Age gnaws at life without respite,
Another wrinkle, another grey hair,
August 15, 1956. Football practice at Dreher High School begins.
A blazing hot sun. Sweating and gasping for air. Eating dirt and chalk. Chewing grass.
Locker room smells. Practice uniforms washed once a week…if they needed it.
Coach Red Myers blared and glared, and beat us with his cap. Those were the days of discipline and dedication.
Those were the days of three yards and a cloud of dust. Passing was frowned upon, as were girlfriends and sympathy. Defense won games.
Coach Charlie Stuart taped ankles in the locker room, going over assignments point-by-point. He was our only source of encouragement, but only rarely.
Pep rallies in the auditorium. Bonfires in the parking lot.
Pre-game meals of dry steak and potatoes.
Silent bus rides to the stadium. We had to get our minds on the game.
Butterflies and stomach knots.
Our Blue Devil team was small, fast, smart, and determined. Troy Evitt, George Criddle, Dean Fowble, and I were the fastest runners in the state.
Jesse Russell at 133 pounds was the fastest, meanest center in high school football.
Jim Waites, Bill Boyd, and Lee Rhame were the heaviest on the team at 185, and they were backs.
Allen Folline and Dick Rockafellow were lean, agile ends. Blockers and tacklers, not pass catchers.
Julius Smith, Kirk Woodlief, Bill Snipes, Jerry Fuller, Jerry McDaniel, Frank Turner, and Robert Madden were raw-boned linemen. Coach Myers taught them, “Never give up. Get up and go. Never give up!” It was a painful lesson they learned well.
Shand Gause, our student manager, was always there. He controlled the equipment room and provided a link between the coaches and the players.
Thanksgiving afternoon, 1956. The final game of the season.
Drum Major Jim Cherry and the marching band (including Henry Martin, Tommy Wainner, and Woody Woodruff ) played as we entered Memorial Stadium before a packed house of 7,000 fans. The cheerleaders (Jack Taylor, Jo Kirven, Lee Tigner, Sally Blackmon, and Mary Alva Ruff) led us onto the field.
In the stands, as always, were Principal J.K. Blum, Assistant Principal Arlie Whittinghill, Athletic Director J.K. Henry, most of the faculty, our parents… and our dates for after the game.
Captain Henry Asbill called the coin toss, and the mighty Blue Devils took to the field.
That day we defeated Coach Jim Pinkerton’s Columbia High Capitals for the state championship.
Only three teams had scored on us all year. Our only loss had been to Orangeburg when Reggie Logan, a future Georgia Tech star, returned a punt for a TD late in the game.
Lee Rhame was named South Carolina Back of the Year.

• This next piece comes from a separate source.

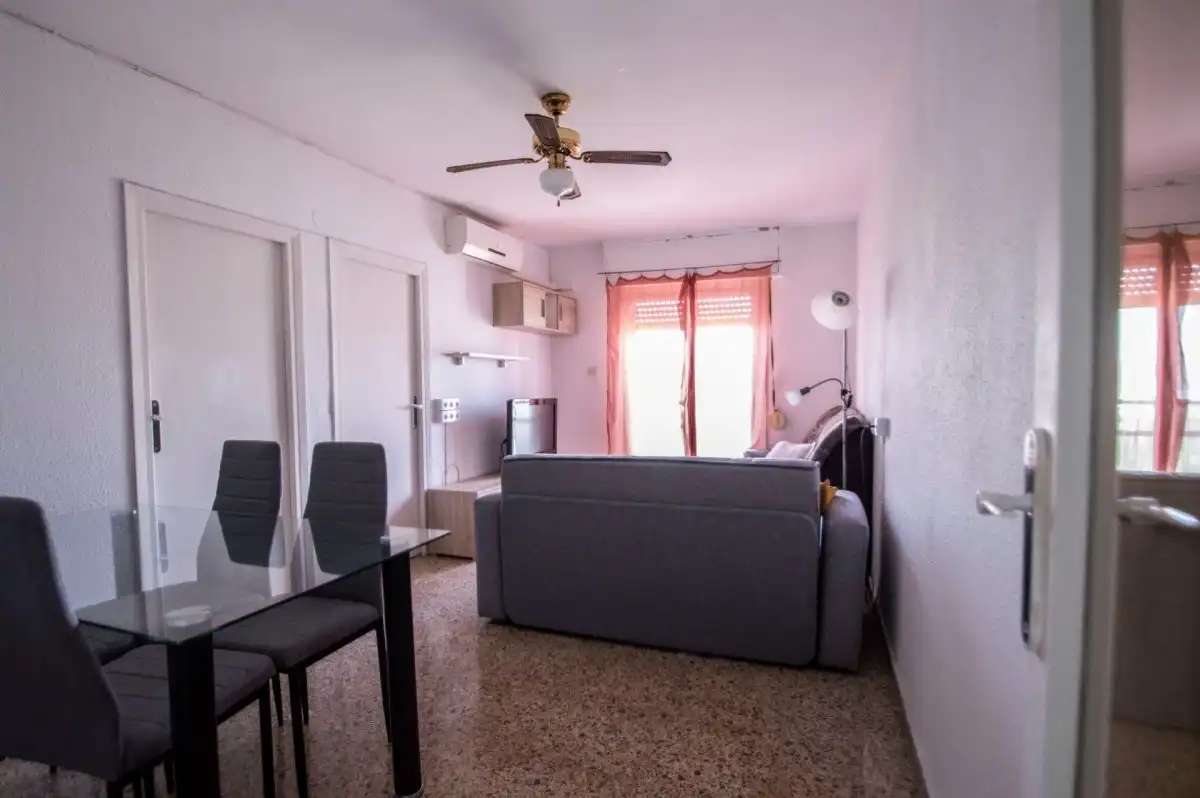 Flat for rent in Ciudad Jardín - Tagarete - El Zapillo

Henry Asbill went to the Shrine Bowl and Allen Folline to the North-South Game. Troy Evitt and I received local and state honors.
The smell of the grass, the sound of the whistle, and the cheers of the fans bring back strong memories from 58 years ago.
Memories of peg pants with side flaps, white socks, penny loafers with taps, brush cuts and duck tails, crinolines and merry widows, Bo Diddley, Studebakers, Packards, the Bee Hive, the Cotton Patch, shagging, and cherry Pepsis.
Those were days of innocence for most, raging hormones for all. I remember it well.